Louisville (US: (listen) LOO-ə-vəl, (listen) LOO-ee-vil, (listen) LUUV-əl, UK: ) is the largest city in the Commonwealth of Kentucky and the 29th most-populous city in the United States. It is one of two cities in Kentucky designated as first-class, the other being Lexington, the state's second-largest city. Louisville is the historical seat and, since 2003, the nominal seat of Jefferson County, on the Indiana border.
Named after King Louis XVI of France, Louisville was founded in 1778 by George Rogers Clark, making it one of the oldest cities west of the Appalachians. With nearby Falls of the Ohio as the only major obstruction to river traffic between the upper Ohio River and the Gulf of Mexico, the settlement first grew as a portage site. It was the founding city of the Louisville and Nashville Railroad, which grew into a 6,000-mile (9,700 km) system across 13 states.
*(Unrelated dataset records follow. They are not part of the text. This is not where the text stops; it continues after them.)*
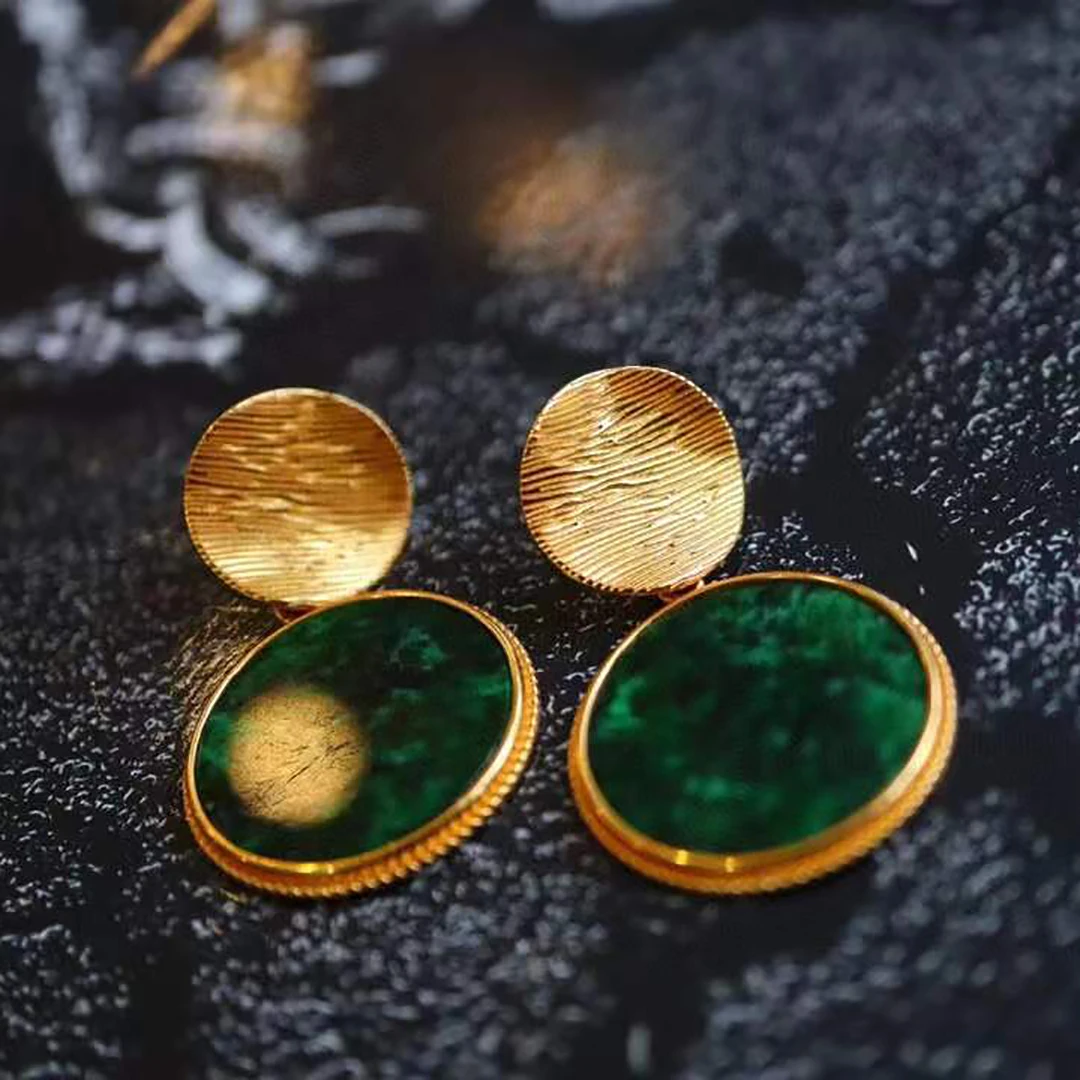 Рисунок 3 - Женские серьги из натурального нефрита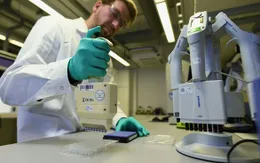 Hãng dược của Đức lạc quan về khả năng sản xuất hàng loạt vaccine ngừa COVID-19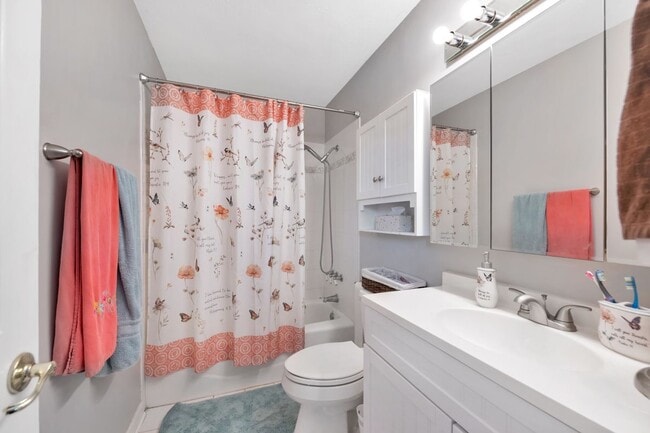 Photo - 1126 Coral Dr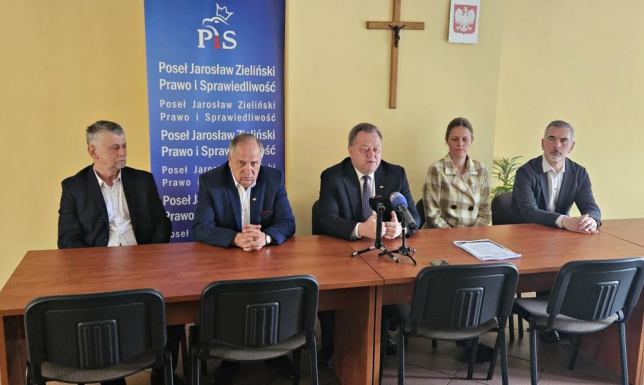 Do udziału w niedzielnych wyborach prezydenckich zachęcał Jarosław Zieliński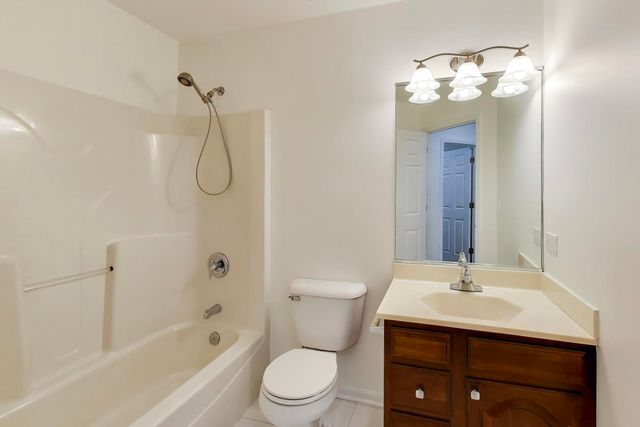 325 N Water Street 325, Batavia, IL 60510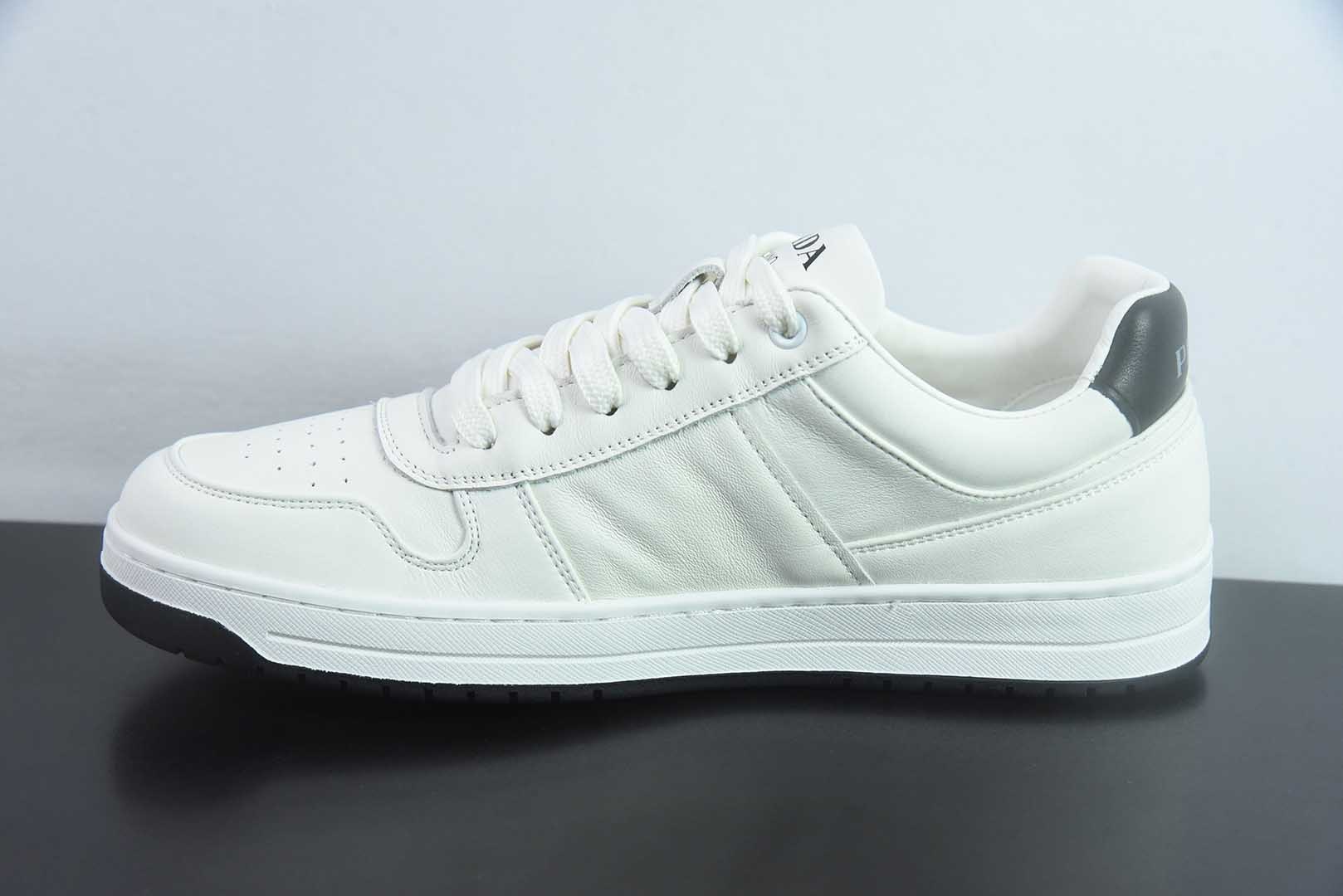普拉达 PRADA Downtown Bold 徽标印花圆头系带低帮板鞋 5cm 女款 纯原版本 货号:BPL23771453 实拍细节图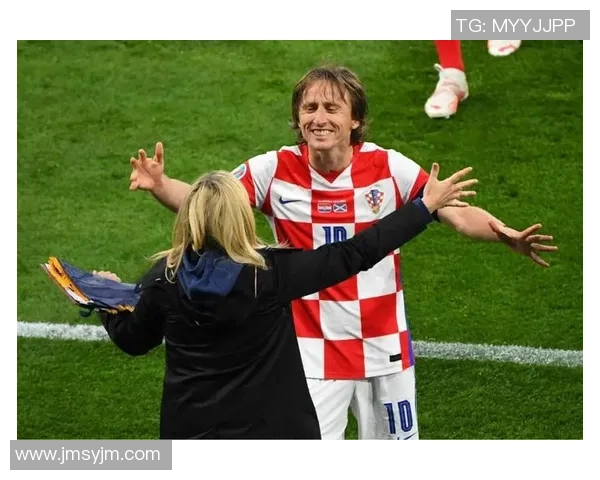 朝鲜与嫩巴黎激战正酣精彩比赛直播全程回顾与分析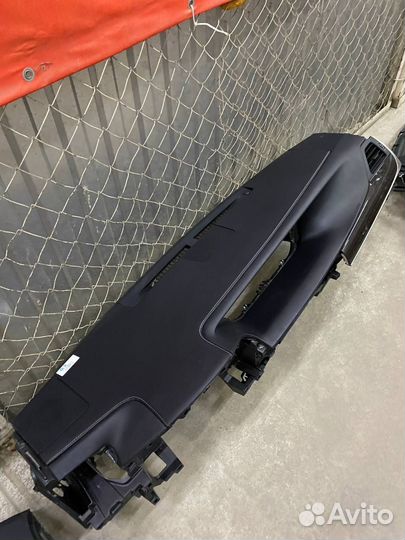 Парприз с подушкой Lexus GS 4 2015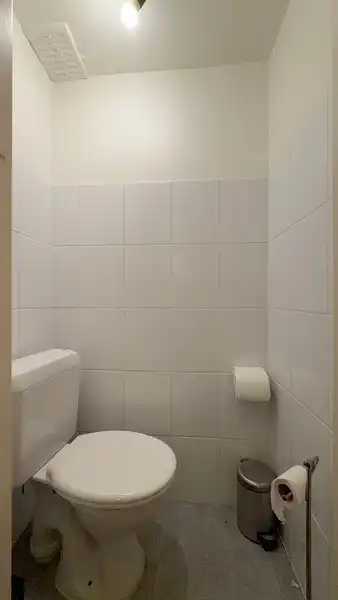 Lichtrijk kantoor te huur in hartje Gent foto 14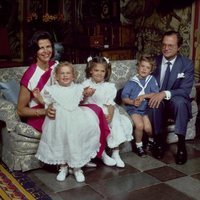 Los Reyes de Suecia junto a sus hijos Victoria, Carlos Felipe y Magdalena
Today, the city is known as the home of legendary boxer Muhammad Ali, the Kentucky Derby, Kentucky Fried Chicken (KFC), the University of Louisville and its Cardinals, Louisville Slugger baseball bats, and three of Kentucky's six Fortune 500 companies: Humana, Kindred Healthcare, and Yum! Brands. Muhammad Ali International Airport, Louisville's main commercial airport, hosts UPS's worldwide hub.
Since 2003, Louisville's borders have been the same as those of Jefferson County, after a city-county merger.